Well I don’t trust you.

Well, as it turns out, Brian was right not to trust me. I was too hasty in condemning the all-at-once mmap.

Here’s a test app:

boost::iostreams::mapped_file_source source(argv[1]);
unsigned lines = std::count(source.begin(), source.end(), '\n');
std::cout << argv[1] << ": " << lines << " lines" << std::endl;

As you can see it just counts the number of \n characters in the requested file. I ran this on the Wide Finder 2 full data set, and here’s what happened:

~/wf2/ 512> time ./readmmap /wf1/data/logs/O.all
/wf1/data/logs/O.all: 218201129 lines

real    16m0.565s
user    7m42.454s
sys     7m53.235s

Two important things to note here. First, obviously mmap-ing the whole file works as advertised. But more importantly, it seems that my Wide Finder 2 implementation is already running at I/O speed.

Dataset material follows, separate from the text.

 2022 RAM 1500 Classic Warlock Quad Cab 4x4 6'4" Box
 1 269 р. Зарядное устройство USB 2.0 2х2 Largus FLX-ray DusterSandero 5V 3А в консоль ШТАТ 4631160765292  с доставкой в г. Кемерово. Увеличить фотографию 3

But other Wide Finder 2 implementations are going faster, which raises the obvious question as to how. mmap is traditionally the fasted form of I/O, given that it doesn’t have to copy the data from kernel space into user space. But obviously that rule doesn’t hold any longer, at least for Solaris.

More investigation needed, I feel.

Could it be that these implementations are reading from the file sequentially? If you read from the file sequentially in tiny chunks, dynamically starting threads and letting them die, you might get better results than using something which will possibly cache your data or maybe cause your disk to do random reads instead of sequential. If it were me I’d try something like this:

1. Have 1 thread keeping stats.
2. Have dynamically starting threads on block boundaries - i.e. read 4k at a time (or whatever the HDD’s block size is) and start the thread with that instead of explicitly searching for a newline. These will send messages to two threads. One for the statistics, and another for a “residual” (a message not ending a line).
3. Have another thread which waits for residuals and matches them up. Once it gets a bunch of em, it can dynamically start one of the threads in (2).

The only downside is the mallocs. IMO you need to copy data or else you’re hosed from a multi-threaded perspective. Just thinking out loud here…

Hello,

what compiler options are you using? In particular, are you making use of prefetch? Specifying a page size? On something as simple as the exemple that counts the newlines it could make a difference.